A key component for the practical use of quantum computers is specialized software – particularly compilers that optimize quantum programs and translate them into a form executable by the respective hardware. In their 2014 paper, "Determining the Minimum Number of SWAP Gates for Multi-dimensional Nearest Neighbor Quantum Circuits," published at the Asia and South Pacific Design Automation Conference (ASP-DAC), Prof. Dr. Robert Wille – then a researcher at DFKI Bremen and now a professor at the Technical University of Munich (TUM) – Prof. Dr. Rolf Drechsler, head of DFKI's Cyber-Physical Systems research department, and Dr. Aaron Lye from the University of Bremen laid a fundamental foundation for this.
The work makes an important contribution to the efficient use of quantum computers by addressing a central technical challenge. A specially developed compiler optimizes quantum circuits, making algorithms more reliable and easier to execute – an important step toward practical application. With the "10-Year Retrospective Most Influential Paper Award" at ASP-DAC 2025, their pioneering research in this field has once again been recognized.

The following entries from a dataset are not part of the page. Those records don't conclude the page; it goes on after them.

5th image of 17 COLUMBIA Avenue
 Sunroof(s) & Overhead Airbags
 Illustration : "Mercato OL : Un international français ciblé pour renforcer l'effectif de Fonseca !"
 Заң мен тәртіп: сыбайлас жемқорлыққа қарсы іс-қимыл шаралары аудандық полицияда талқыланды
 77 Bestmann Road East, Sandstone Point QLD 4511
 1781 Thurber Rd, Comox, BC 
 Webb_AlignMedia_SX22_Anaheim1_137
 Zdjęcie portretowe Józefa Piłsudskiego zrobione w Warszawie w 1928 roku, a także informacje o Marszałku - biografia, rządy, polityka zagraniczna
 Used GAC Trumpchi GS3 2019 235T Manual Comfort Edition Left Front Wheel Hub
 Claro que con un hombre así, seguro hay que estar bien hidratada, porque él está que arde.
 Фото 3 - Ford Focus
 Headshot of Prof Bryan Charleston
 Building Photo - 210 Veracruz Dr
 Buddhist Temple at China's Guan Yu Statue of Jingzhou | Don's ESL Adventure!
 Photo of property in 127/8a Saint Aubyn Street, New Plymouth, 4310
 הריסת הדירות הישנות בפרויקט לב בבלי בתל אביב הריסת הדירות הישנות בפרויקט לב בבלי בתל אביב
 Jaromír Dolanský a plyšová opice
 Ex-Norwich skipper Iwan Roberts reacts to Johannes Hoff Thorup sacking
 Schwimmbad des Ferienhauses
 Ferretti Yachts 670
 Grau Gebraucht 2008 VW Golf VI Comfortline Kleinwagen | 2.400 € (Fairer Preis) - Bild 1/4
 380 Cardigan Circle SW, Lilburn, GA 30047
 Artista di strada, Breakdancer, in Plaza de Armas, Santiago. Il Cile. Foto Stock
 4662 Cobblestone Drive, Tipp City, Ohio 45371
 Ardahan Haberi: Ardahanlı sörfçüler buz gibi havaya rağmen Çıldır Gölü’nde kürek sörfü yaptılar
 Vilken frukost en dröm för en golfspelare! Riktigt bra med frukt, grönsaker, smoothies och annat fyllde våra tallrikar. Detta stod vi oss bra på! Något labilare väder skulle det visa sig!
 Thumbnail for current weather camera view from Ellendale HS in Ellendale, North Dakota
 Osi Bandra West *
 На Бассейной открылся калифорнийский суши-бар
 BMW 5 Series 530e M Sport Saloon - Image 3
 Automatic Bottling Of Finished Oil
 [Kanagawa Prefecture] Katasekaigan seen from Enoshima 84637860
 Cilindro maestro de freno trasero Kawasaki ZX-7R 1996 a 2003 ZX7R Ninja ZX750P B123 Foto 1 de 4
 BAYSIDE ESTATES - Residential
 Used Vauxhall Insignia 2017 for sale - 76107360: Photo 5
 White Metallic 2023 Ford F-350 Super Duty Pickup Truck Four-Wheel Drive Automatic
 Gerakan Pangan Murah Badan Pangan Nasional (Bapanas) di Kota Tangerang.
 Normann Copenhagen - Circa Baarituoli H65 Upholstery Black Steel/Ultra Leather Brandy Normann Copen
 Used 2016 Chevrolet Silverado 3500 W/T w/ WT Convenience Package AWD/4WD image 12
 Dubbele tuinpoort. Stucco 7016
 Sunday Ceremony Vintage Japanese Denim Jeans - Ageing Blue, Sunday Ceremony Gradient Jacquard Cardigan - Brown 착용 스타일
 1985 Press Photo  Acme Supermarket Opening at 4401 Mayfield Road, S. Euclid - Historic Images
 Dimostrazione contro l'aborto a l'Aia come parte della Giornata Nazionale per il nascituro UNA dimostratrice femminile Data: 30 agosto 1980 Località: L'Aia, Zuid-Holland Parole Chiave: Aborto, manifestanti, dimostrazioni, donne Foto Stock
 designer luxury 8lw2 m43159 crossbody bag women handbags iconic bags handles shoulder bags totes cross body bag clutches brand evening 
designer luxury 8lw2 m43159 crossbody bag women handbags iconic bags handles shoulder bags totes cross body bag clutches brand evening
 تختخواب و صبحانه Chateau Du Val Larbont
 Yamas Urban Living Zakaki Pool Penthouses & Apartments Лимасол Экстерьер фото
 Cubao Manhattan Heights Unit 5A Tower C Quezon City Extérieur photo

Prof. Wille and Prof. Drechsler previously received this award in 2022, along with Dr. Matthias Soeken, Dr. Nils Przigoda, and Christoph Hilken. Their paper, "Synthesis of Reversible Circuits with Minimal Lines for Large Functions", published at ASP-DAC 2012, presented a method for the automatic generation of reversible circuits – an essential building block for quantum programs. Ten years later, this work was honored with the 10-Year Retrospective Most Influential Paper Award at ASP-DAC 2022.
Today, as quantum computers move closer to practical application, the significance of this pioneering work is becoming increasingly clear. The continued recognition by the international scientific community underscores the high relevance and lasting impact of the research conducted at DFKI and the University of Bremen in quantum computing.